Making Skills: Foundations for Further Study
This intensive four-day programme offers a practical introduction to the core making skills that underpin West Dean’s Higher Education pathways. Through focused, hands-on sessions, students will build confidence, technical ability, and studio familiarity while gaining a clear insight into the expectations and experience of HE-level study.
Designed for incoming HE students, those considering applying, and learners seeking a skills top-up, each course acts as a foundation and taster—supporting a smooth transition into, or informed decision about, further study at West Dean.
The focus of this painting course is the fifteen huge carved chalk stones created by Andy Goldsworthy in 2002 that follow a 5-mile trail from Cocking to West Dean College.

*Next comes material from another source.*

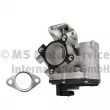 Vanne EGR reman by Intec R620076 - Visuel 2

‘The trail is distributed along a network of Public Rights of Way, moving through West Dean woods via a combination of footpaths, bridleways and byways. Following the route takes you through rich countryside, including managed fields and woodlands, forests of larch and beech, hazel coppices, as well as designated nature reserves and open farmland. Climbing to various peaks along the Downs, there are views not only from West Dean but of the Cowdray Estate to the north.’ (Dixon, 2002)

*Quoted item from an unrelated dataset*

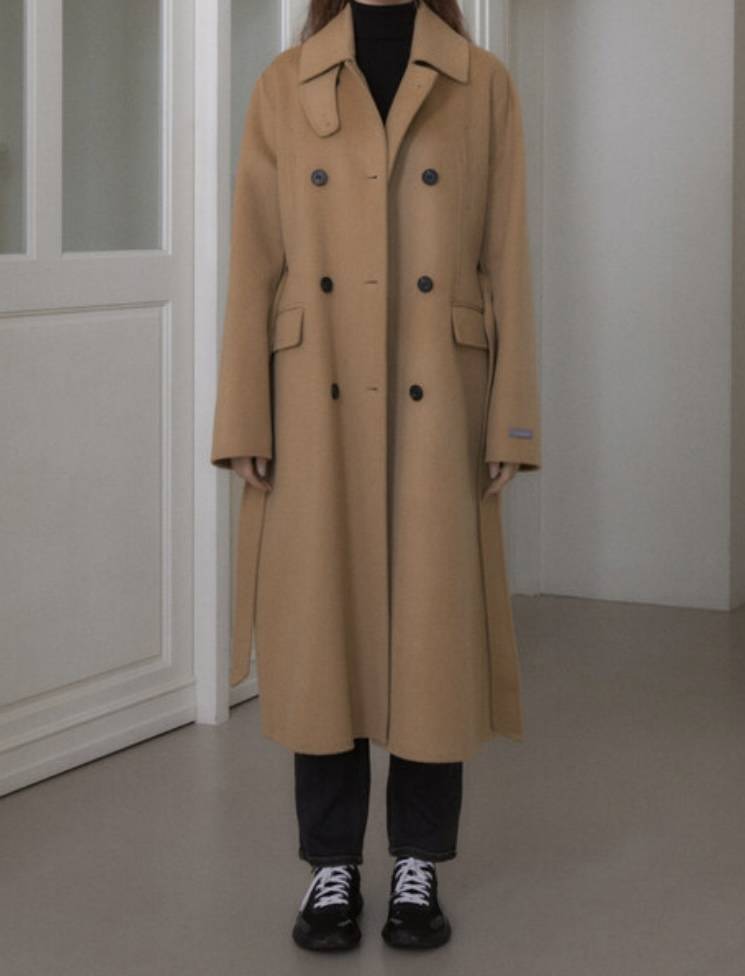 [잡담] 코트 어떤게 제일 나아?! | 인스티즈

The college minibus will drop us at the first chalk stone in Cocking, from where we will spend the rest of the day walking back to West Dean College, spending time at each of the chalk stones to paint/draw/photograph/write. Gathering reconnaissance material, which will be used to make paintings in the studio over the following days. The terrain may at times be uneven and steep.

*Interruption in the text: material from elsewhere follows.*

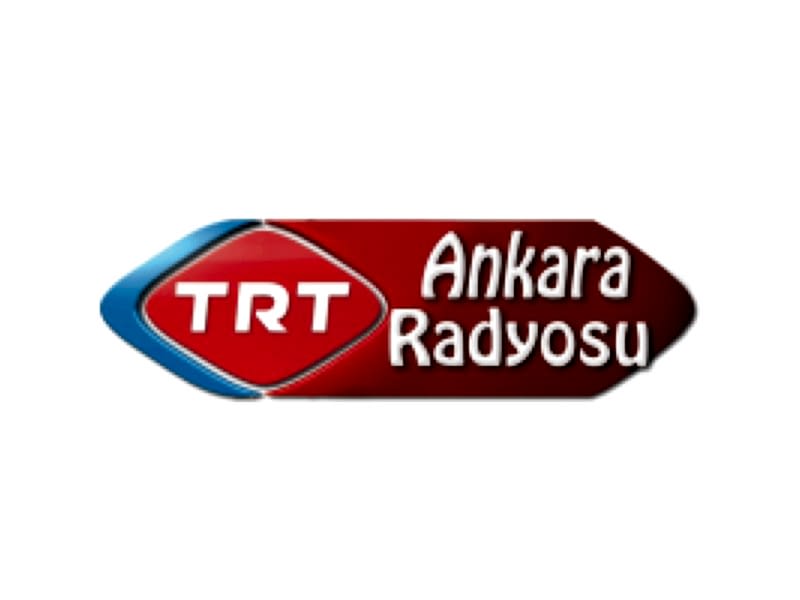 TRT BAKI RADYOSU TRT BAKI RADYOSU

The introduction of manmade features into the landscape offers a surreal implication. Huge chalk stones, echoing the shape of the moon, placed in woodland, farmland and manicured gardens, how do they relate? What are they saying? How can you make sense of these very different landscapes in the twenty-first century?
Throughout the course, you will be introduced to artists including René Magritte, Paul Nash, Graham Sutherland, Ithell Colquhoun, Harold Mockford, Derek Hyatt, Flora McLachlan, Eamon Colman and Chantal Powell, all of whom bring to the attention esoteric detail, a sense of time and space, the weird and eerie by forging echoes of the past through painting the landscape.
For this course, you will need to be able to walk 5 miles over the course of the day. You will be dropped off at Cocking after breakfast by minibus and walk back to the College throughout the day. We advise comfortable walking equipment, including a rucksack, portable art materials, water bottle, carrier bag to sit on or portable stool, warm clothing/sunscreen and hat and camera. You will be carrying your art materials and equipment with you, along with the picnic provided for lunch. You will be back in time for supper.
The emphasis on the course is the slow act of walking and painting, as well as being in nature, mindful of continuity observed through the cycles of the sun and the moon, the chalk stones symbolising the moon.